Both stolen credentials for payment processing services and banking account logins are hot commodities for hackers. Such data can be used directly or resold in bulk on the dark web. For example, in 2018, hackers sold over 200 million pieces of personal identifiable information (PII) following a breach of a Chinese hotel chain. Not only does data theft pose a significant threat, but ransomware attacks can be devastating for finance.
As such, the onus is on financial technology (FinTech) providers to ensure that their systems are tamper-proof. Financial institutions must not only arm end-user apps with authentication and authorization functionality, but they must also continually monitor web requests to spot potentially risky activity.
The good news is that these are areas where artificial intelligence(AI) and automation can have a positive impact. Below, we’ll consider five ways that financial systems can utilize AI and automation to reduce risk in their environments and enhance overall cybersecurity. By taking these precautionary measures via cutting-edge technologies, financial institutions can better serve their customers and avoid hefty monetary and reputational losses.
1. Discovering Suspicious Activity
Normally, user behavior will conform to an expected set of patterns. And by analyzing many data points from standard user behaviors, organizations can create a baseline of expected behavior. Then, a machine learning (ML) model can be utilized to detect anomalies that deviate from this baseline.
For example, an AI layer could flag brute-force queries or hazardous strings, which are often clear indications of an attacker performing reconnaissance against a web-based system to discover weaknesses. Placing AI at the perimeter could help detect suspicious behavior early on, before an attacker has had time to do significant damage. Automation could also suspend accounts or API keys while they are being investigated.
2. Automating Vulnerability Detection
Another function in which to utilize automation: vulnerability detection. Most applications now depend on many open-source software packages, which are increasingly prone to software supply chain threats. Tools such as Snyk can run comparisons against a comprehensive database of continually updated exploits. Automated vulnerability scanning can pinpoint zero-day threats as they arise and even approve new patches and update applications automatically.
3. Security Testing and Chaos Engineering
In addition to automating open-source vulnerability detection, there are plenty of other areas in which automated testing can enhance the security posture of financial systems. One can introduce chaos engineering, which aims to test a system against randomness and non-conforming requests. Self-defining infrastructure automation that performs well under stress increases a system’s resilience and helps produce anti-fragile software ecosystems. Having automated security testing can help in many other areas, too, such as code quality testing, container scanning, and software composition analysis.
4. Enhancing Incident Response and Remediation
When an incident occurs, or a vulnerability is discovered, it must be quickly remediated before hackers exploit it in the wild. This is partially why site reliability engineering (SRE) is so focused on decreasing mean-time-to-resolution (MTTR) and improving other triage-related metrics. Interestingly, there are many ways in which DevOps tools can work in tandem to automate the incident response process.

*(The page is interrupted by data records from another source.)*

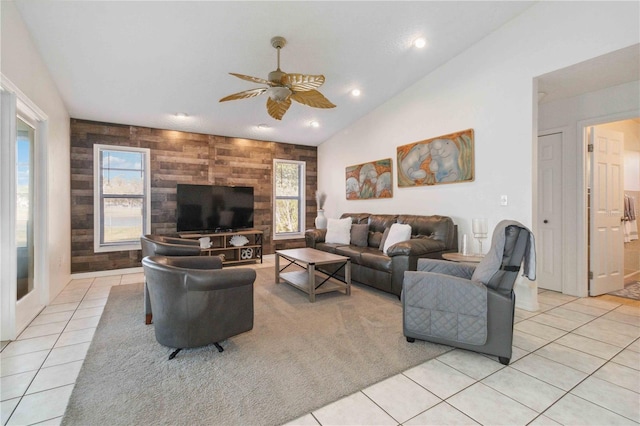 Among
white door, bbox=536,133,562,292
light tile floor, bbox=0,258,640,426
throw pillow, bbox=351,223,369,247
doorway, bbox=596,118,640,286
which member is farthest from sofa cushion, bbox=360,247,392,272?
doorway, bbox=596,118,640,286

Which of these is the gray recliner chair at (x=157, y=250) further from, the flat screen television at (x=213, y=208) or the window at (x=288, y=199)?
the window at (x=288, y=199)

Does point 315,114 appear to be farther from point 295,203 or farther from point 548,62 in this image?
point 548,62

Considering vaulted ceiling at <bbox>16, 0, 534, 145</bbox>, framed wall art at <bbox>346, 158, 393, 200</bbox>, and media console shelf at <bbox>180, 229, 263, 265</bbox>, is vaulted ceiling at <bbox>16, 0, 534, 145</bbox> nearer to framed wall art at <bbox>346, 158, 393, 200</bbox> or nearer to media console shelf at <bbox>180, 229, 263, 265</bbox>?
framed wall art at <bbox>346, 158, 393, 200</bbox>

For example, application monitoring tools can send alerts to a group chat like Slack or Teams. Incident response management tools such as Blameless can also automate the triage process by collecting logs related to the affected system and then generating reports. This can ensure engineers have all the information they need to address the issue at hand. Of course, quick patching depends upon having a frictionless deployment pipeline — another area where automation is helpful.

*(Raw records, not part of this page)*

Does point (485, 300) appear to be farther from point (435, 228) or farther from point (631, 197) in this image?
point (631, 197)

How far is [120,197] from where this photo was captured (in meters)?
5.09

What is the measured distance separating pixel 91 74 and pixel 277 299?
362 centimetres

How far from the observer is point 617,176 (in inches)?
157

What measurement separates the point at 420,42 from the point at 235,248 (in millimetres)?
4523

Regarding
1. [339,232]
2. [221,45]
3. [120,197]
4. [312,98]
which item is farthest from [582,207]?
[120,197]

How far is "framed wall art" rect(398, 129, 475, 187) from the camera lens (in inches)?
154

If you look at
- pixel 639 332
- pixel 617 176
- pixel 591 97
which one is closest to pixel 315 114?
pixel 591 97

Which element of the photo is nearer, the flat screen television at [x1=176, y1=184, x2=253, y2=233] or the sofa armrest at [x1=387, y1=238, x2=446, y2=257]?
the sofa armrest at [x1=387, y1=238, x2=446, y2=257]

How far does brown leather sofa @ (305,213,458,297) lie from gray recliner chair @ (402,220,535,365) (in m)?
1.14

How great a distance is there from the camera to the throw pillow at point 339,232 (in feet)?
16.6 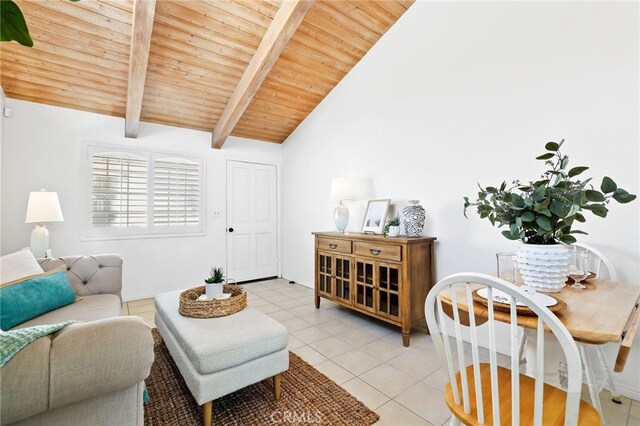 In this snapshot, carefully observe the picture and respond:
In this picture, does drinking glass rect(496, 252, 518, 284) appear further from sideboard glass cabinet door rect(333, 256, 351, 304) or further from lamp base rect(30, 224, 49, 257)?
lamp base rect(30, 224, 49, 257)

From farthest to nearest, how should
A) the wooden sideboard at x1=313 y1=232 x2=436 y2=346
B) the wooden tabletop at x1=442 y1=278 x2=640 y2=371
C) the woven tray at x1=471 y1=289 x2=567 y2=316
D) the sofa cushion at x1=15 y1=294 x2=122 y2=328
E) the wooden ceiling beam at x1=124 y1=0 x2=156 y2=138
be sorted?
the wooden sideboard at x1=313 y1=232 x2=436 y2=346 < the wooden ceiling beam at x1=124 y1=0 x2=156 y2=138 < the sofa cushion at x1=15 y1=294 x2=122 y2=328 < the woven tray at x1=471 y1=289 x2=567 y2=316 < the wooden tabletop at x1=442 y1=278 x2=640 y2=371

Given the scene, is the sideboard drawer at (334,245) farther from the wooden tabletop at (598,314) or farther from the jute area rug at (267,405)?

5. Layering Upon Authentication
There are also compelling use cases for AI to augment the authentication and login experience. The traditional username and password combination is proving ineffective at stemming the rising tide of security breaches. So, many institutions have looped in passwordless strategies to add another layer of security to their systems.
One such strategy is using AI to track common login attempts and then catching deviations. For example, automation could be used to spot impossible journeys where the user couldn’t have traversed the distances recorded between login attempts. Or, automation could flag a login attempt performed during out-of-office hours as suspicious and signal a one-time password (OTP) to be sent for further verification.
Securing Financial Services And More With AI, Automation
Above, we’ve covered five key areas where financial services can utilize cybersecurity automation and AI to safeguard their services and comply with data regulations. But these tips are not exclusive to the financial sector — many other organizations conducting business online can benefit from evaluating these strategies to protect their sensitive assets.
It’s also good to note that outside of automation and AI, there are plenty of other best practices to keep in mind that will help build a secure foundation for your digital services. These include using multi-factor authentication (MFA), implementing encryption, establishing cloud-native policies, adopting common cybersecurity frameworks, following the rule of least privilege, and training personnel on proper security practices.